他回过神,把粥放下,扬了一下眉,淡淡道:“先吃饭,你去洗漱一下。”他顿了一下,“我给你买了一条新裙子,将就着穿吧。”
霍燃买的裙子很合身,虽然审美很“直男”。
苏予站在镜子前,她包里带着化妆品小样,她简单地化了妆,匆匆吃完早餐后,两人就去了律所。
他们刚到办公室没多久,门外突然传来一阵喧哗。
有人急急地拦着:“等等,先生,霍律师正在接待当事人,您不能直接冲进去。”
“让开!”来人气得不行,似乎咬着牙根。
匆匆的脚步声传来,下一秒,办公室的门被人毫不犹豫地踹开了。
两人抬眸望去,两个高大壮硕的保镖顶在门边,谢老握着拐杖的龙头,脸色阴沉。他的眼袋有些重,指骨微微泛白,手背青筋凸起。

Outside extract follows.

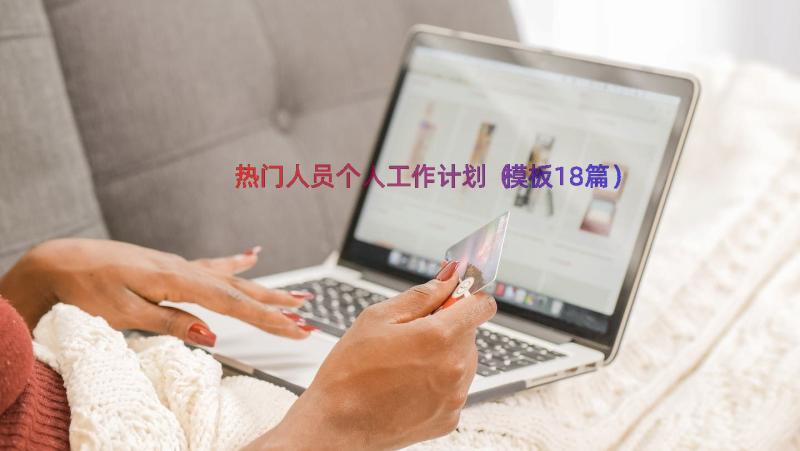 热门人员个人工作计划（模板18篇）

“霍燃!”他走了进来,拐杖敲击在地板上,语句分明。他凌厉的目光扫过坐在沙发上的霍燃,皮笑肉不笑道,“你答应了为谢申辩护。”
霍燃没有说话。
谢老的脸色越来越黑:“霍燃,我有没有告诉过你,别惹恼我!你现在根本就没用心为谢申辩护!到目前为止,你只见了谢申两次,你根本没用心。”
霍燃还是没说话。
谢老攥紧龙头,扬起手,保镖听话地把办公室的门关上了。
谢老坐下后,似乎在平复情绪,慢慢地松开了紧攥着的手,瞥了一下苏予,说:“霍燃,想成为一个成功的男人,就不该被儿女情长所困,你是不是受到了她的影响?如果我没记错的话,你的实习律师,苏家的丫头,原先是一个充满正义感的检察官。”他的语气充满嘲讽。
苏予抿了一下唇。
谢老笑起来,讽刺道:“一日是检察官,终身是检察官,她做不了律师的。她只会拖累你,为了她自以为是的公平和正义。”
苏予的指尖微微发紧,红唇动了动,想说什么。
霍燃淡淡道:“你应该相信我的职业道德。”
“你让我怎么相信你?”谢老额头的青筋暴起,“你和公检法那群无用的蠹虫站在了一边,根本不想为谢申做无罪辩护。”谢老猛地站了起来,“我这次来,是给你最后一次机会,让你尊重你的职业,做好一个讼棍应该做的事情,没有道德,也没有廉耻心,拿了肮脏的钱,就一心一意、像狗一样卖力地为谢申洗脱罪名。”他冷笑出声,语气里充斥着对律师这个职业的鄙夷和轻视。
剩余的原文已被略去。